I consider this worthy.

Guess hermit is really the way for me..
though it's a little old fashioned.. or even ancient.
but i think it should still be applicable now.
范蠡waited. why shouldn't i?

abt giving up

i suddenly recalled what dr henry lee mentioned at his lecture.
that no matter how things are,
try your best and dun give up.
know your limit, but believe and persist.
only then can you "make it possible with the impossible"
a recurring theme in his lecture.
it was not about scientific knowledge, the lecture.
it was about life.
his way of life.
of how he came to be.

a valuable lesson this is.

what i cannot stand most I

accusations is the top thing i cannot stand.
cos the result of accusations is that i get blamed for something that has nothing to do with be.
and i get the aftermath of the blast from it.
like some one can have a bad day, then somehow i end up getting shot
though i never knew how i contributed?(perhaps by "cos i not better than you, so everything you do is bad in my eyes and spoils my day")
or i get shouted at by my mum just cos i din want dinner
(and a cascade of unfounded assumptions that followed)

all these are so absurd!
i really cannot comprehend how calling someone for a favour to help me collect something i left behind(just cos it happened that i knew that particular person was at the place where the item was) could do so much.
i really cannot comprehend how not going for dinner must have many underlying reasons that i never even thought about(just cos i want to rest at home and rest instead of going for dinner since i wasn't hungry)
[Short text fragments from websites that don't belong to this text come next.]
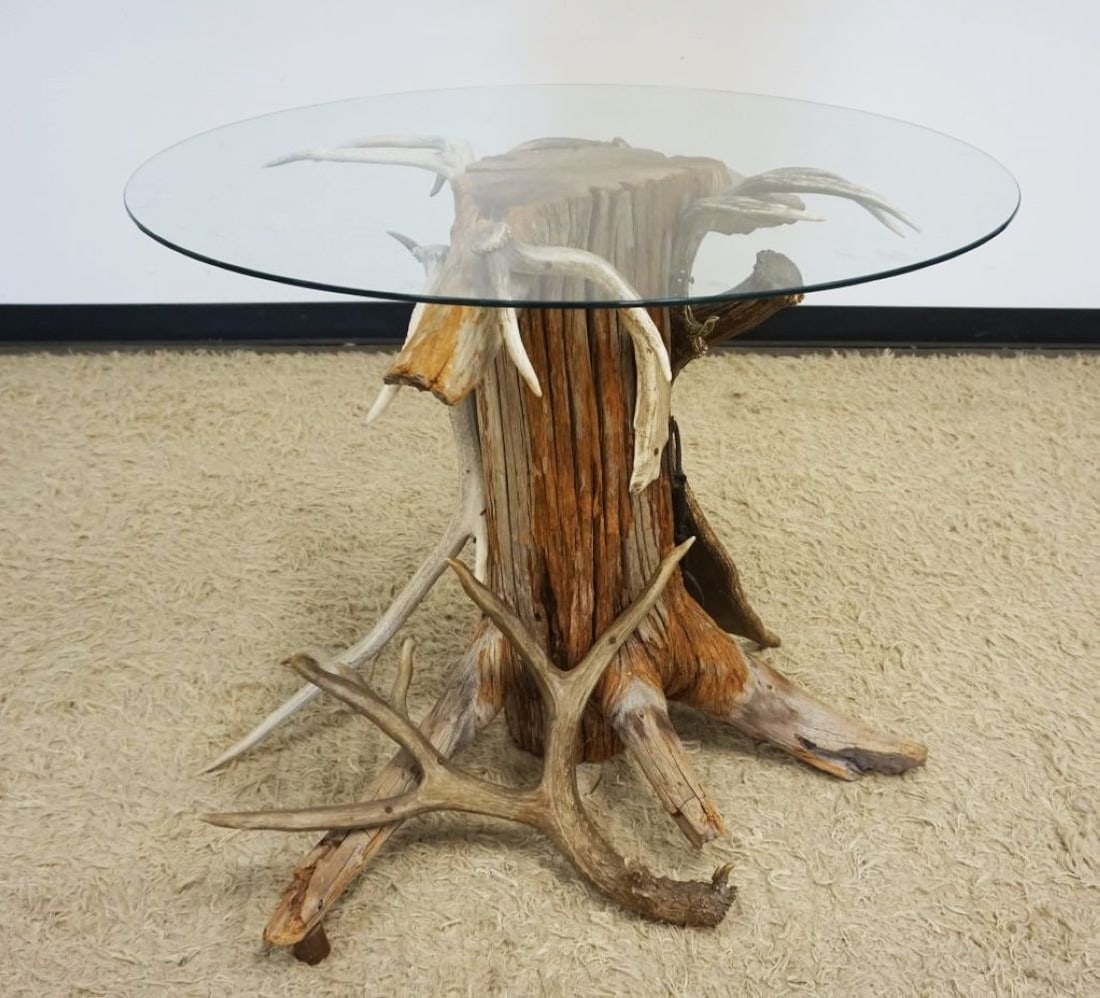GLASS TOP ADIRONDACK TABLE (1 of 4)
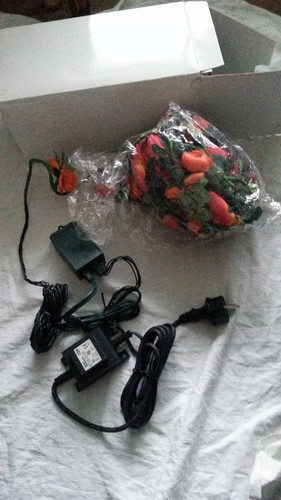 Vintage german flower lights - vintage,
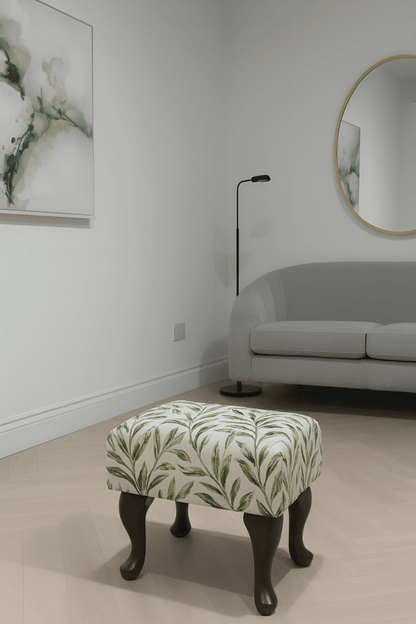 Premium Green Upholstered Footstool Bench – Coffee Table Ottoman & Pouffe Footrest UK - ISTOOLS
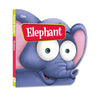Om Books International Elephant ( Animals and Birds )- Cutout Board Books - 9789383202423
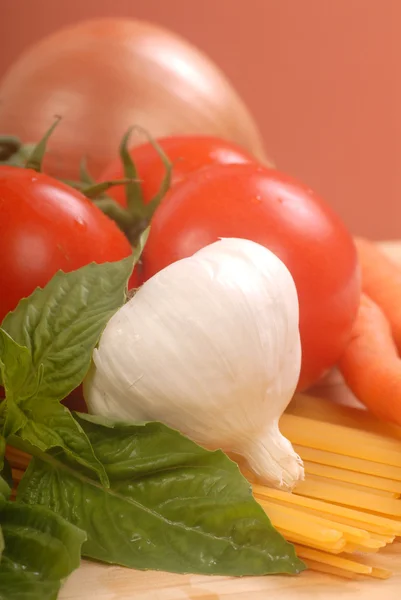 Fresh ingredients for making pasta — Stock Photo, Image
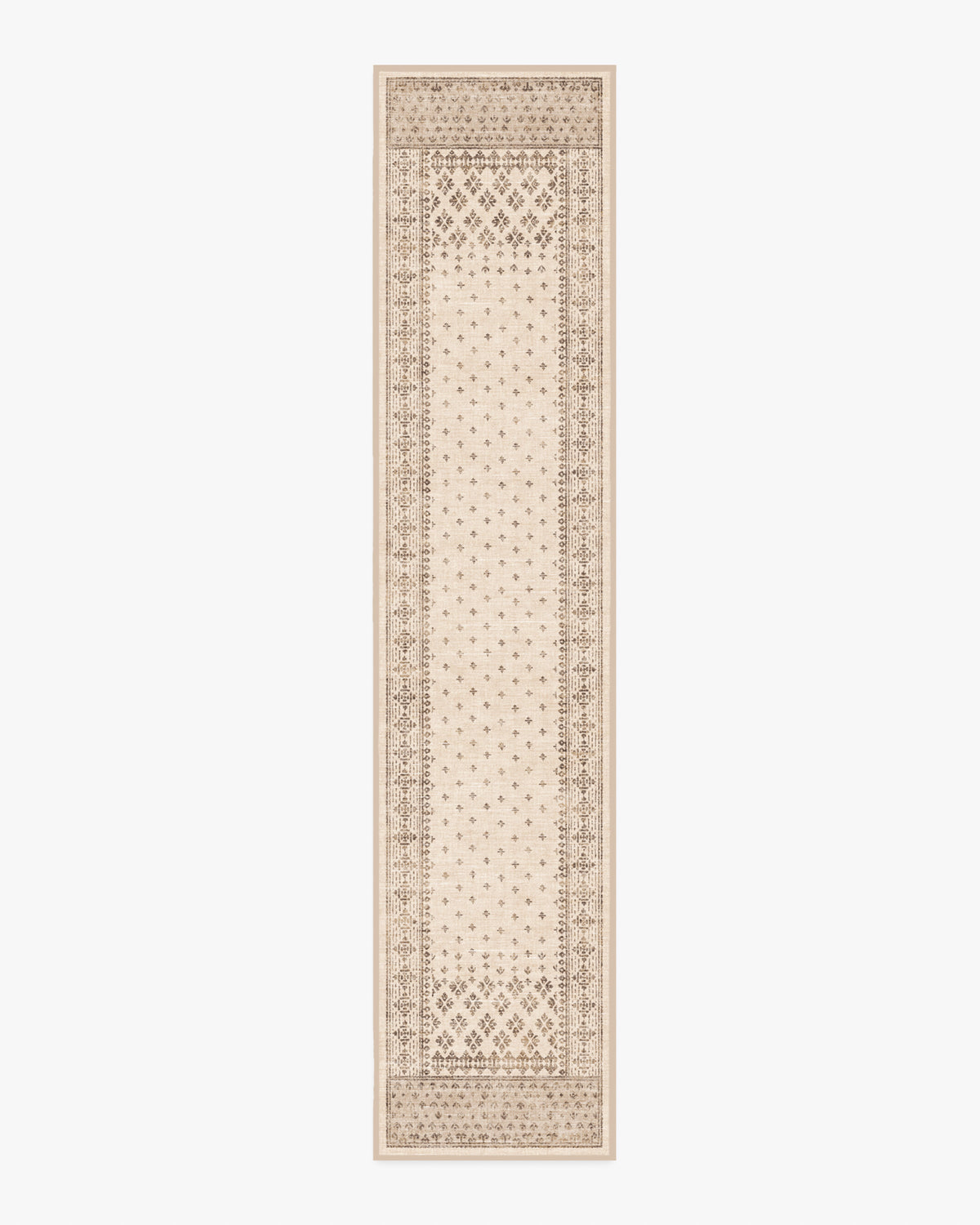 Fernanda — Halı, Krem, RUNNER, beyaz zemin, 2x12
so they think they are all knowing?
get a life or just roll over.

Sunday, October 4, 2009

brokendown

i am broke;
i am broken;
i am down;
i am broke n down;
i am broken, down;
i am broken down.

owing

how come is it that i always seem to be owing ppl?

promotion

i think it's time an advance is coming..
cos everything else is crumbling.

Thursday, October 1, 2009

gravity

suddenly, everything's going downhill

pure breed

half bloods are always 2nd rate or outcasted =(

barrage

and so the barrage begins

initiation..

a rippling effect..
making this feel so much like an initiation.
guess i better prepare my speeches and explanation.

paths

i shall tread the path
on which i have the right of way

secrets

there is no such thing as a secret.
it's only a matter of who knows what happened.